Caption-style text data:
------------------------------------
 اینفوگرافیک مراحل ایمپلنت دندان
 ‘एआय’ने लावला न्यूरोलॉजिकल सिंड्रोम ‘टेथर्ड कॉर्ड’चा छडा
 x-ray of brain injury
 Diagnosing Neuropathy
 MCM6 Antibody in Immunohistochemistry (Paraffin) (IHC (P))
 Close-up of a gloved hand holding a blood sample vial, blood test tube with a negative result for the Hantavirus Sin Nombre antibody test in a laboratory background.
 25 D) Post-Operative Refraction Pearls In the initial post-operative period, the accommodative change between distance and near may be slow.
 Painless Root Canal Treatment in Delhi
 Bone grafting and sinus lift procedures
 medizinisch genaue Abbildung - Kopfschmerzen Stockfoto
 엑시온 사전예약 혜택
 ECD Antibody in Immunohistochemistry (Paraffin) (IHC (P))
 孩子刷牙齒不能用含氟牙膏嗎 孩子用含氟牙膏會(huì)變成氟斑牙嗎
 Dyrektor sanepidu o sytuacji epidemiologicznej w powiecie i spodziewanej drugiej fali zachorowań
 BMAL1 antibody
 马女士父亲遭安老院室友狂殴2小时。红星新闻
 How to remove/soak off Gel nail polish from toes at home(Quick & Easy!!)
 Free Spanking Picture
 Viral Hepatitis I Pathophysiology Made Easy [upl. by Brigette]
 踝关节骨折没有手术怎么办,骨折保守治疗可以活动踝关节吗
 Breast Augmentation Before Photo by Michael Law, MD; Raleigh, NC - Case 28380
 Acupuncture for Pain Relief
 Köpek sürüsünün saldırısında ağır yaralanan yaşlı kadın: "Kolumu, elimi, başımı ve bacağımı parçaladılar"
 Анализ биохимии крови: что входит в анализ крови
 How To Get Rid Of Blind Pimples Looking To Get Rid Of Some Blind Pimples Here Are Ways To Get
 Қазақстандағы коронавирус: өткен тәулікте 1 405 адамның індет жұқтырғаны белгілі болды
------------------------------------
Task requirements: Using the records above, write out exactly the lines from the one containing "Breast Augmentation Before" through the last, and add nothing.

Result for this exercise:
 Breast Augmentation Before Photo by Michael Law, MD; Raleigh, NC - Case 28380
 Acupuncture for Pain Relief
 Köpek sürüsünün saldırısında ağır yaralanan yaşlı kadın: "Kolumu, elimi, başımı ve bacağımı parçaladılar"
 Анализ биохимии крови: что входит в анализ крови
 How To Get Rid Of Blind Pimples Looking To Get Rid Of Some Blind Pimples Here Are Ways To Get
 Қазақстандағы коронавирус: өткен тәулікте 1 405 адамның індет жұқтырғаны белгілі болды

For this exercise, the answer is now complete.